Fu improvvido aderire. Era doveroso uscirne. Poteva farlo solo un governo che non ha impacci diplomatici con la seconda potenza economica mondiale. (Seconda solo in termini di elencazione numerica, non in termini di graduatori o gerarchia). L’unica giustificazione possibile che teneva in piedi un dietro-front di questo tipo era il mancato riscontro economico. Come una vecchia logica mercantile vuole: “il gioco non vale la candela”, quindi: “io esco dal gioco”. Chiaramente si trattava di patti bilaterali di una complessità e di un impegno tale che non potevano pretendere una convenienza immediata e monetizzabile.
Il problema di quando il governo di Giuseppe Conte sottoscrisse questi stessi accordi era quello che ci legavano mani e piedi alla Cina e che il rapporto di forze tra i due paesi erano evidentemente sbilanciati. Logica avrebbe voluto che fosse l’Unione Europea a stabilire un grande accordo centralmente, nel quale le varie entità territoriali avrebbero esercitato un ruolo.
Così facendo, invece, il pericolo di un rapporto così forte con la Cina era quello di legarsi mani e piedi al regime e a una potenza economica incommensurabile con un paese come il nostro fortemente esposto. I cinesi erano interessati ai nostri porti e, comunque, alle vie di accesso al cuore d’Europa. Questo per motivi commerciali, quindi di penetrazione ancora più forte nei nostri mercati. La qual cosa probabilmente sarebbe rimasta poco gradita ai partner europei che nelle segrete stanze avranno mostrato risentimento alla mossa da primi della classe degli italiani.
E questi sono gli effetti.

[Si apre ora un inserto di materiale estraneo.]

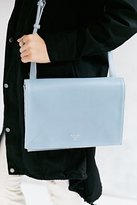 Thumbnail for your product : Matt & Nat Orwell Shoulder Bag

Indipendentemente dall’errore che fu entrare in un patto dove il contraente è molto più grande di noi, quando ‘mamma Europa’ chiama picciotto risponde. E così l’Italia, giustamente, se ne va. Sconosciuti gli esiti di questo chiamarsi fuori. Non si esce da un accordo estemporaneamente, così come da una festa perché ci si è annoiati. Sicuramente la via dell’uscita dall’accordo era in preparazione da tempo.